Senate Bill Proposes Investment Company Act “Registration Lite” for Hedge Funds and Private Equity Funds
On January 29, 2009, Sens. Charles Grassley, R-Iowa, and Carl Levin, D-Mich., introduced the Hedge Fund Transparency Act (HFTA). The HFTA would revise the Investment Company Act of 1940, as amended (“Company Act”) to require certain hedge funds, private equity funds, venture capital funds, real estate funds that invest in securities and other privately offered securities investment funds and vehicles with assets of $50 million or more to register with the Securities and Exchange Commission (SEC) as investment companies. Most private investment funds currently rely upon an exemption from the Company Act’s registration requirements by either limiting the number of investors to not more than 100 or admitting only “qualified purchasers.” Under HFTA, in order to remain exempt from the substantive provisions of the Company Act, funds that have assets of $50 million or more would have to (1) register with the SEC, (2) file at least annually an information form that will be publicly available, (3) maintain prescribed books and records and (4) cooperate with requests for information or examination from the SEC. In addition, all funds, whether registered with the SEC or not, would be required to adopt an anti-money laundering program and report certain suspicious transactions.
Information Form
The information form would include information regarding—
(1) the name and current address of each natural person or company that is a beneficial owner of the fund
(2) the name and address of the primary broker and accountant used by the fund
(3) an explanation of the structure of ownership interests in the fund
(4) any affiliation with another financial institution
(5) the minimum investment commitment required of an investor
(6) the total number of investors in the fund
(7) the total assets and assets under management of the fund.
The SEC would be required to promulgate related rules and appropriate forms within 180 days of the passage of the HFTA. The form would be required to be filed electronically with the SEC and be made available to the public in an electronic searchable format at no cost.
Anti-Money Laundering Requirements
In addition, the HFTA would reverse the recent action of the U.S. Department of the Treasury’s Financial Crimes Enforcement Network (FinCEN) and subject all funds to the requirement to establish a risk-based anti-money laundering program and to report suspicious transactions under the Bank Secrecy Act.
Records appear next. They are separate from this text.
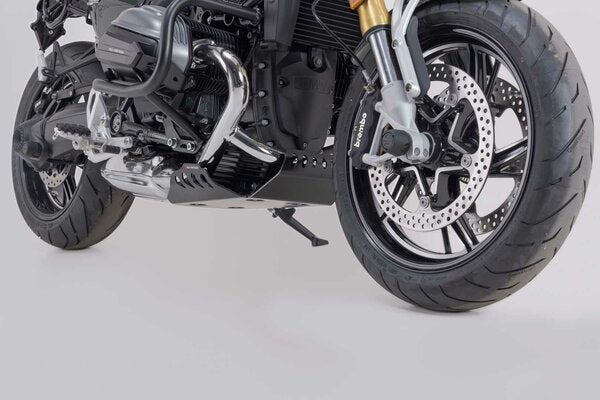 SW MOTECH Engine guards. Black. BMW R12 / R12 nineT (23-). | MSS.07.968.10000/B
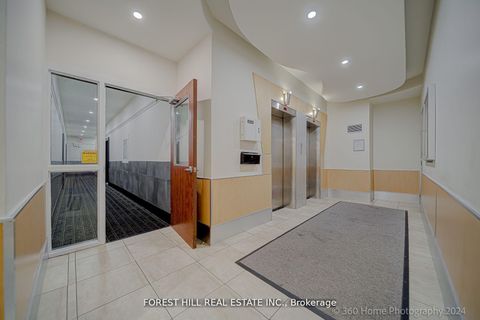 Photo 23 at 803 - 5949 Yonge Street, Newtonbrook East, Toronto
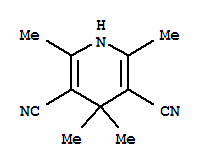 CAS 1539-51-1 structure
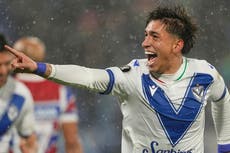 Vélez Sarsfield vence 2-0 a Fortaleza y consigue primer boleto a cuartos de final de Libertadores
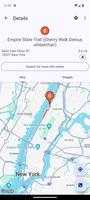 Hiking and hiking routes 스크린샷 3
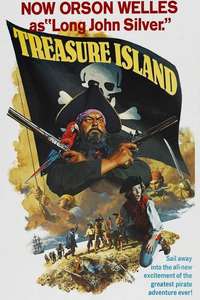 Treasure Island - Posters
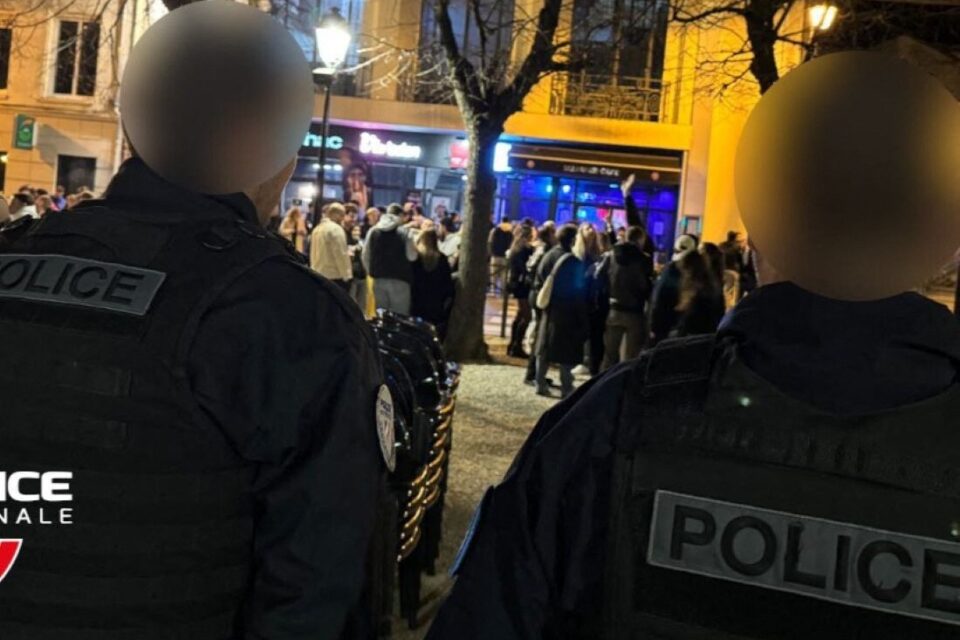 Violences urbaines à Compiègne : une attaque dévastatrice contre la sécurité publique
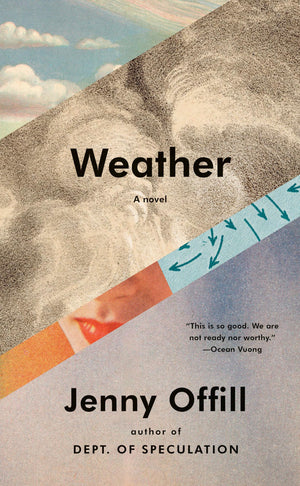 Weather: A novel,Used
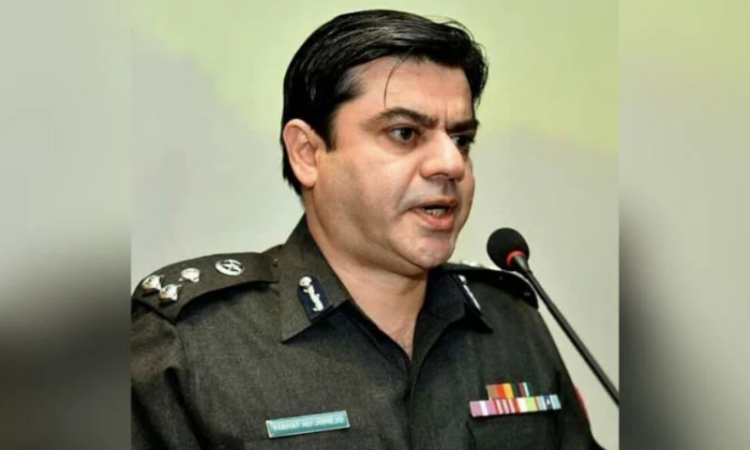 Farhat Ali Junejo transferred to Intelligence Bureau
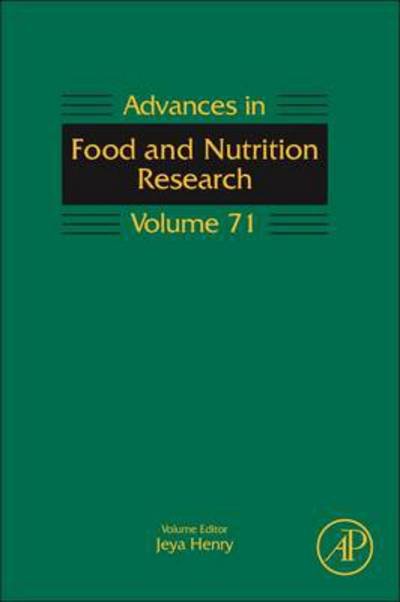 Cover for Henry · Advances in Food and Nutrition Research - Advances in Food and Nutrition Research (Inbunden Bok) (2014)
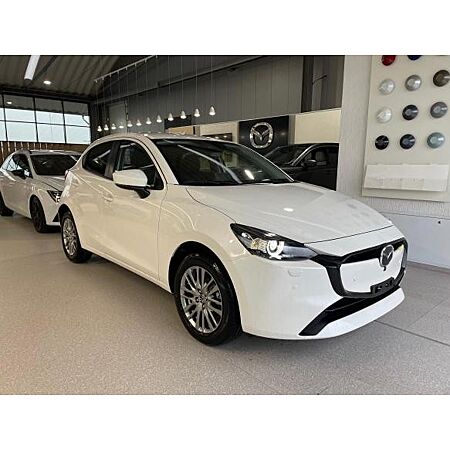 Mazda 2 leasen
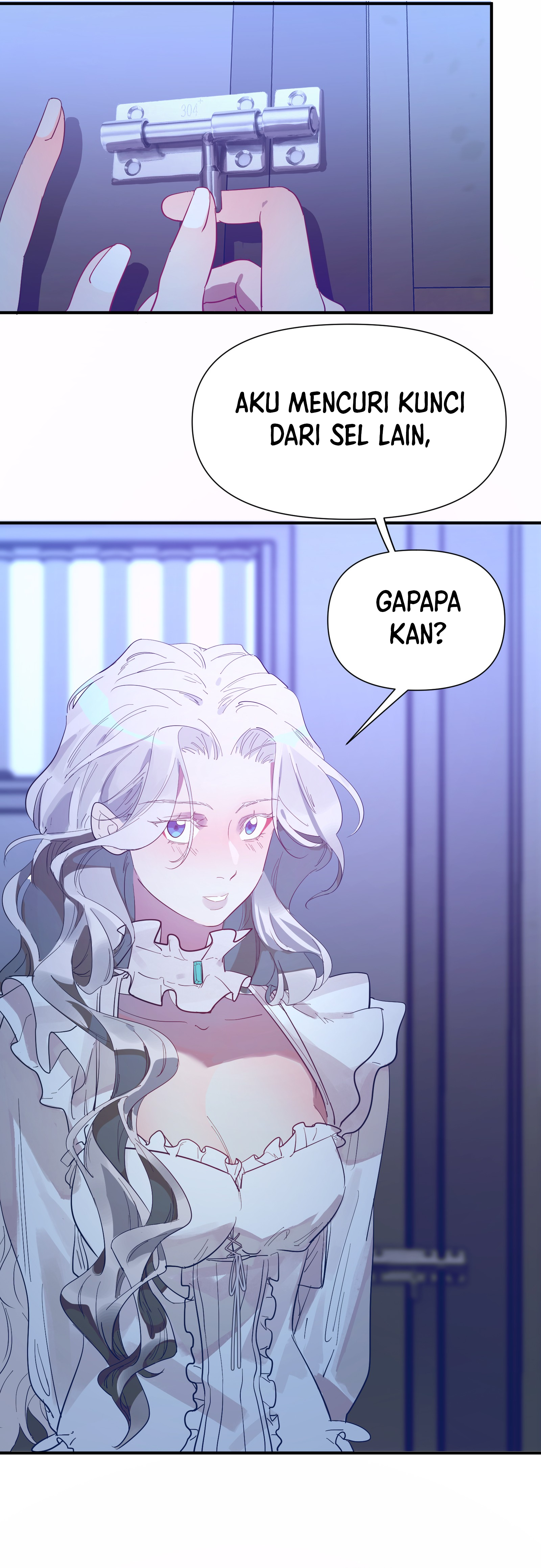 Artificial Temperature 36.7°C Chapter 8 - halaman 20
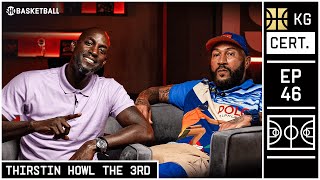 Thirstin Howl The 3rd | Hip-Hop Fashion, Rap Career, History Of Emcee's | EP 46 | KG Certified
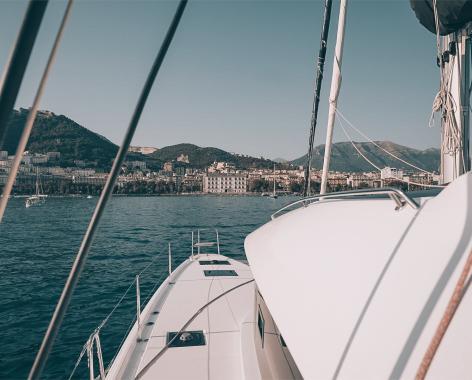 Photo #8 - Lagoon 51 - 6 cab. (Lady G) in Salerno - 39421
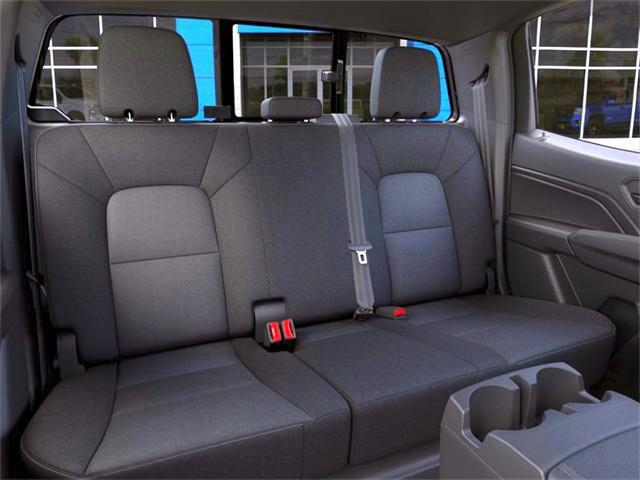 2026 Chevrolet Colorado Trail Boss, 4WD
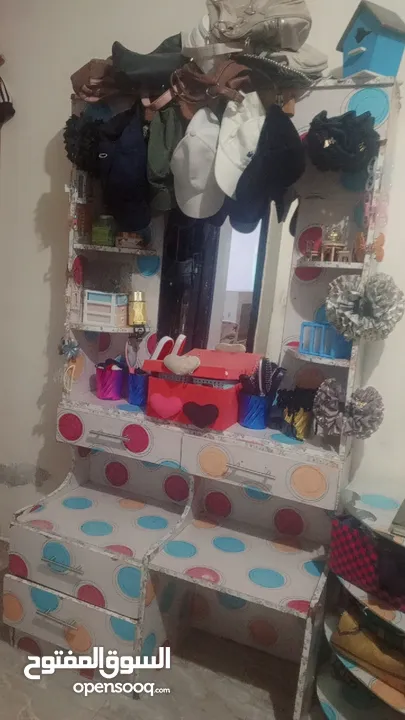 غرفه نوم اطفال تخت واحد مفرد للبيع خشب لاتبه
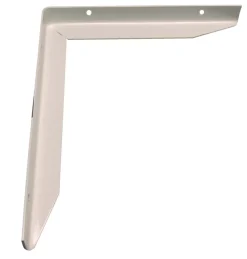 Home it Multiknekt venstre 250 x 300 hvit | Veggskinner & Hylleknekter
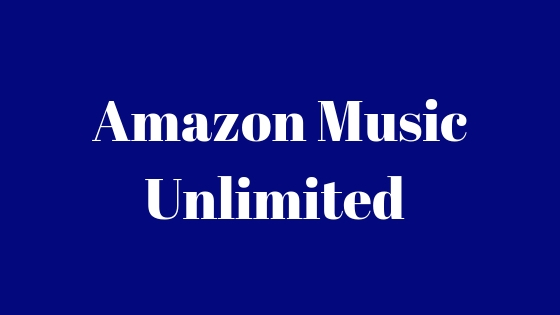 Amazon Music Unlimited ってどうなの？入るメリットやおすすめの使い方を紹介！
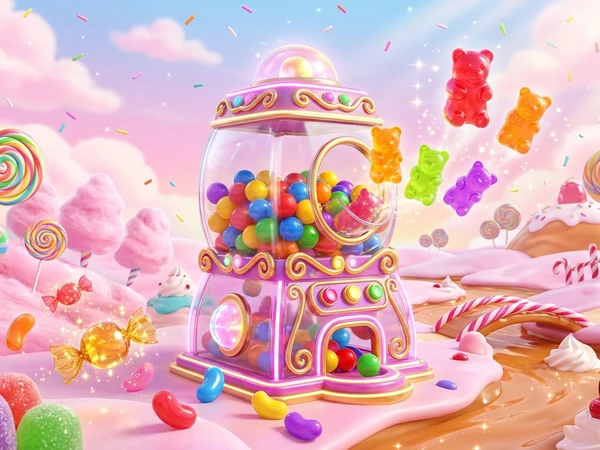 Sugar Rush 1000 (Мармеладки)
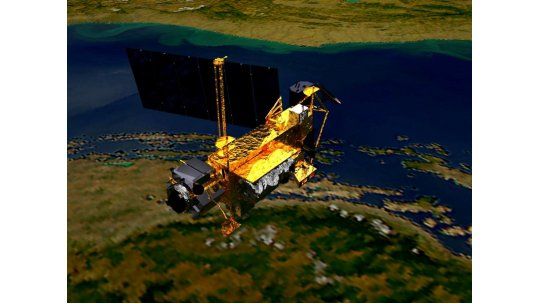 Satélite de 6.000 kilos impactará el viernes en la Tierra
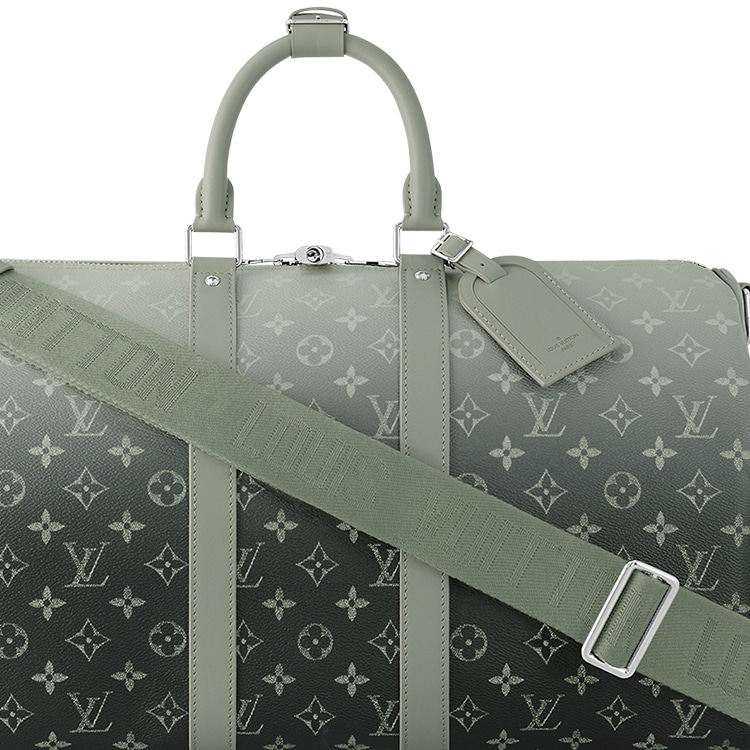 Louis Vuitton keepallBandoulire 45 — фото 3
The Department of the Treasury would be required to promulgate regulations within 90 days of enactment of the HFTA.
Conclusion
The HFTA differs from previously proposed regulations by imposing a registration and disclosure regime directly on hedge funds and other private investment funds (including private equity funds and venture capital funds) instead of requiring fund managers to register as investment advisers. The bill, as currently drafted, leaves many key questions unanswered and contains some obvious and significant defects. The bill has been referred to the Senate Banking Committee. The SEC has not yet expressed any public views regarding the proposed legislation.